◆ What you have to do
Write out, word for word, the part of the listing below that opens with the line containing "Summer Boho Retro" and closes with the line containing "VonShef Cocktail Shaker", keeping both of those lines and adding no others.
:: Exercise data
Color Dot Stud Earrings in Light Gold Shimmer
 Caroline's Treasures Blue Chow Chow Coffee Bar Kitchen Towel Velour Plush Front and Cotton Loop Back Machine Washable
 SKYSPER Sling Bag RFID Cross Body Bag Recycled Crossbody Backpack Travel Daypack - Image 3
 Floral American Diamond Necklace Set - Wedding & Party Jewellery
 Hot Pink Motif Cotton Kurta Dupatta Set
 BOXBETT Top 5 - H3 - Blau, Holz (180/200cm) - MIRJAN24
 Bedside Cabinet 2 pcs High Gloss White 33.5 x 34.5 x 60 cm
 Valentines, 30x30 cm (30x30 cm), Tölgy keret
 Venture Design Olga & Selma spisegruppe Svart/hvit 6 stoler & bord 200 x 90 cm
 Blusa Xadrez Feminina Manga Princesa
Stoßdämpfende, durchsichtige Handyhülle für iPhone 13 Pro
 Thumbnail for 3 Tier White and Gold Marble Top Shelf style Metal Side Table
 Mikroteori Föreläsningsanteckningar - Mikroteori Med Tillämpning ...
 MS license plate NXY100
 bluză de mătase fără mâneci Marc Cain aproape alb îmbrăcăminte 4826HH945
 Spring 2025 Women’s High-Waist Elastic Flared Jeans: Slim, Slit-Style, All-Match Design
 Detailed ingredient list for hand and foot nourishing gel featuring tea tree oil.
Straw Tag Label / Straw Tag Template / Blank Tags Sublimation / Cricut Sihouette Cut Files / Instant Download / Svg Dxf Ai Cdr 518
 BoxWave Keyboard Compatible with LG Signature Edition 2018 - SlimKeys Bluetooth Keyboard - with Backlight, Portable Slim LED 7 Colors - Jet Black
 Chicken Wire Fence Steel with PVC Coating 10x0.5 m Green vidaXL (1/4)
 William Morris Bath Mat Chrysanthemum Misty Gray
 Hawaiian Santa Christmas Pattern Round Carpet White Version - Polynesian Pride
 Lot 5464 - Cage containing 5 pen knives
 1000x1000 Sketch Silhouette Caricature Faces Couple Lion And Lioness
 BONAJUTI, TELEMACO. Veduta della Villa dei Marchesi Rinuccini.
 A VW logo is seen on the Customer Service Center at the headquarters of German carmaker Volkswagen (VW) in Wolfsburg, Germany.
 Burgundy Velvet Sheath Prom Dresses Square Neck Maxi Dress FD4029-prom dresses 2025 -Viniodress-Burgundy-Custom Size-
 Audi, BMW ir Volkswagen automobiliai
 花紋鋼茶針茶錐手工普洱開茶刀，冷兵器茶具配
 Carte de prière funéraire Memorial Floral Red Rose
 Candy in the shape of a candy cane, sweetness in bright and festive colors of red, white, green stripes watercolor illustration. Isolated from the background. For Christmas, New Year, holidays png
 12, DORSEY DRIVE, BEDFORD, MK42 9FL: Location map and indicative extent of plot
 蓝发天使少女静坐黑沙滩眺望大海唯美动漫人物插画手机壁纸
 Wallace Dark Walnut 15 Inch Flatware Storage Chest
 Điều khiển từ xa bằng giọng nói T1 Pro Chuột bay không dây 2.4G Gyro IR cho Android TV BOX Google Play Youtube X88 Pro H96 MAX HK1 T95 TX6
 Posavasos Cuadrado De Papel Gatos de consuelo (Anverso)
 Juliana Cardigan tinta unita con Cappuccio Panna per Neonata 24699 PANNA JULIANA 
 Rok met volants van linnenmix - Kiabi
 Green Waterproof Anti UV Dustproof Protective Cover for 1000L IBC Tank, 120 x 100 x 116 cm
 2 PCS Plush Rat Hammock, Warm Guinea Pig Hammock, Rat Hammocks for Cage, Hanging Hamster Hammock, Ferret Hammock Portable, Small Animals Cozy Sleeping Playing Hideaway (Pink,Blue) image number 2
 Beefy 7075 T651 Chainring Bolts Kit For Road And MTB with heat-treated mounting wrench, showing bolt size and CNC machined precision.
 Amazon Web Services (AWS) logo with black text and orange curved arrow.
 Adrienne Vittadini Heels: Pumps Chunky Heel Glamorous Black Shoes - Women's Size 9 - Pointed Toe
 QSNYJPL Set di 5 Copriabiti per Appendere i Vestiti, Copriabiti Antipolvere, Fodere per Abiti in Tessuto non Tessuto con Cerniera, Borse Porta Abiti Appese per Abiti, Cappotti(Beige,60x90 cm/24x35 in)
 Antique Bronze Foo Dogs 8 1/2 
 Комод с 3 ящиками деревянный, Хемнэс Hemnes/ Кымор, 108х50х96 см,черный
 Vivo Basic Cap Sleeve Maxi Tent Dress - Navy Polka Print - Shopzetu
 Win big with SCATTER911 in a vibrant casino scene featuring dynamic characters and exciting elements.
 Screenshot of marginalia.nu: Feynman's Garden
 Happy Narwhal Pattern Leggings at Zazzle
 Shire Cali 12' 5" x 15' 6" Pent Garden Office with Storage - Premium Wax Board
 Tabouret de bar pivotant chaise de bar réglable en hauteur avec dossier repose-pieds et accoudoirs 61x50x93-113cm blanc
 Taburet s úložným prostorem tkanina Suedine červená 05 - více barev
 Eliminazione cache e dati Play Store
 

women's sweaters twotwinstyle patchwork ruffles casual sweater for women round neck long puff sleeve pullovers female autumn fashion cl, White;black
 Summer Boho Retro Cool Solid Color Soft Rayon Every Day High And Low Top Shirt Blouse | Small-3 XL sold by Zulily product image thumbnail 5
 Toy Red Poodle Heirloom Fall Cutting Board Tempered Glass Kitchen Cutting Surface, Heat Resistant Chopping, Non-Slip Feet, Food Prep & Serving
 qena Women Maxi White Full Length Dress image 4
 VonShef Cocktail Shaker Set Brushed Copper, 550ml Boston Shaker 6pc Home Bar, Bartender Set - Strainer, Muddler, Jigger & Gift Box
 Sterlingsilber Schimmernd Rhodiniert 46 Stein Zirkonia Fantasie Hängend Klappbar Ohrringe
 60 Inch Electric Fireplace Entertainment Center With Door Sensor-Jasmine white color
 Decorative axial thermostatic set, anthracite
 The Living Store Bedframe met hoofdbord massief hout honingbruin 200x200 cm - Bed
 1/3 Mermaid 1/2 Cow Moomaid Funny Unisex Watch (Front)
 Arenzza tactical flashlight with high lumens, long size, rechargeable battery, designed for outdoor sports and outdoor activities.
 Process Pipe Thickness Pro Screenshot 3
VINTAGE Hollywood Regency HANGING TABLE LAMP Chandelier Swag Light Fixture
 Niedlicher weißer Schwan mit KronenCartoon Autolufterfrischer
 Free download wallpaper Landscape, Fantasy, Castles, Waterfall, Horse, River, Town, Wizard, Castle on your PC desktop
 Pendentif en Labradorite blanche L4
::::
◆ Task solution
 Summer Boho Retro Cool Solid Color Soft Rayon Every Day High And Low Top Shirt Blouse | Small-3 XL sold by Zulily product image thumbnail 5
 Toy Red Poodle Heirloom Fall Cutting Board Tempered Glass Kitchen Cutting Surface, Heat Resistant Chopping, Non-Slip Feet, Food Prep & Serving
 qena Women Maxi White Full Length Dress image 4
 VonShef Cocktail Shaker Set Brushed Copper, 550ml Boston Shaker 6pc Home Bar, Bartender Set - Strainer, Muddler, Jigger & Gift Box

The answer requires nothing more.